A few thoughts of Memory Benchmarking....

Rick Hetherington (rick.hetherington@Eng.Sun.COM)
Fri, 27 Sep 1996 15:35:10 -0700

I second John Henning's comments on simplicity. I do believe that the sheer
simplicity of this benchmark was one key element that enabled wide
acceptance in the engineering community. We should make every effort to
maintain that approach.

Another attractive feature of STREAM is that it is virtually snooker
proof. It tends to annoy the snooker patrols and that is just fine with me.



>(1) Should STREAM be extended to automagically measure bandwidths at each
> level of a memory hierarchy? What is a robust way of doing this with
> a single, portable piece of source code?

Yes, indeed, this should be a goal and I don't know the robust way of doing
this yet.

(2) Should STREAM be extended to automagically measure latencies at each
level of a memory hierarchy? How would this be different than what
Larry McVoy does with lmbench/lat_mem_rd? Is it possible or desirable
to measure a "different kind" of latency than lmbench measures?

Again, this is a definite goal. Lmbench/lat_mem_rd is just fine and I
would like to see it extended to measure average latency in an MP environment.
Depending on the system topology, generate multiple lat_mem_rd and measure
average latency per processor and report that for 2-way, 4-way, etc. Just
run the same dependent load loop on each processor, wait till all processors
are in steady state and take a timing measurement on all and report the mean.
Also one more item that is key here is Cache to Cache latency, and again
depending on the system topology, we should measure local cache to cache
and global cache to local cache, and perhaps global to global cache latency.

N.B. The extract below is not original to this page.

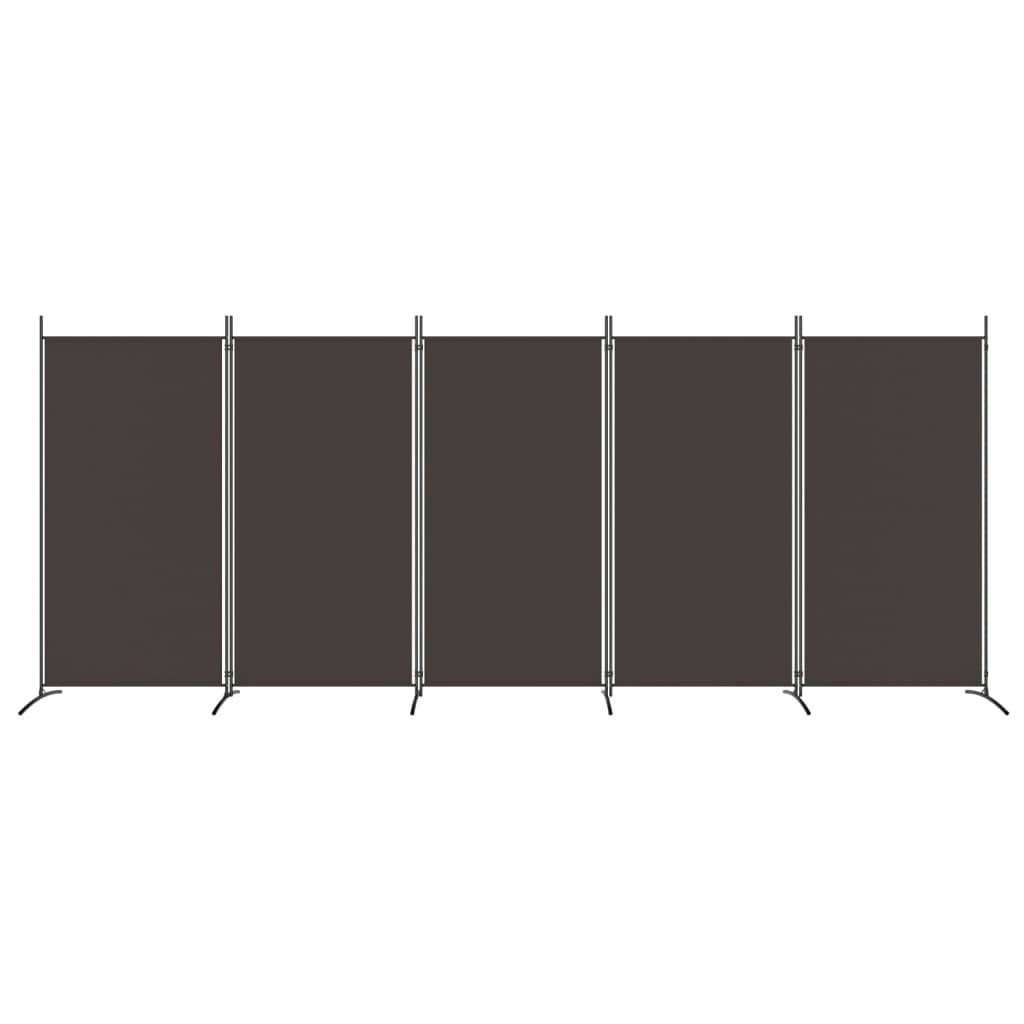 5-Panel Room Divider Brown 170.5"x70.9" Fabric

(3) Should STREAM be extended to automagically measure bandwidths and
latencies across distributed memory systems, such as the Convex cc-NUMA
machines, and the future SGI "Scalable Node" products? What about
distributed memory machines without global addressability? (I am not
interested in an MPI "solution"!!!!!)

Absolutely, in fact the current STREAM has a bit of a hole in that NUMA
machines can define their data sets to live locally and never contend for a
common resource...not exactly the typical behaviour found in real
applications. The system benchmark should attemp to measure "scalable node"
products which are globally addressable but steer clear of clustered systems
using widgets like Memory Channel or ethernet for message passing. There may
be a specialized benchmark that could be developed but it is pointless to
run the same benchmark and a number of clustered machines that cause no
traffic between the clustered nodes.

(4) If we are looking at multiprocessor machines with some kind of network
rather than a shared bus, do we want to look at "peak point-to-point"
performance, or performance in the presence of contention? How do we
want to define the communication patterns that will create that contention?
Can this be done in a way that is not biased for or against any particular
network architecture? (Unless that bias seems "reasonable"?)

If all processing nodes can address all of memory where ever it may exist,
contention for common resources will naturally occur. I don't think we need to
precisely script a collison of hand selected ops to create contention. MP
system validation engineers will tell you how difficult this is.
Determine the local, global latency bump and generate that on as many nodes as
possible and measure average latency and banwidth as above with the lat_mem_rd
and a cache to cache test.

(5) In a completely different direction -- how do we address the question of
how much a memory system characterization can be useful for application
performance prediction? How much detail is needed to predict the
performance of SPECf95 to within acceptable margins of error, for example?
I have done a bit of this using ad hoc curve fitting of available numbers,
but a "first principles" approach would be preferred.

The numbers seem to be all over the map right now but when we measure
every possible relevant memory parameter, I'm sure an appropriate spread sheet
could be developed that would accurately predict overall performance.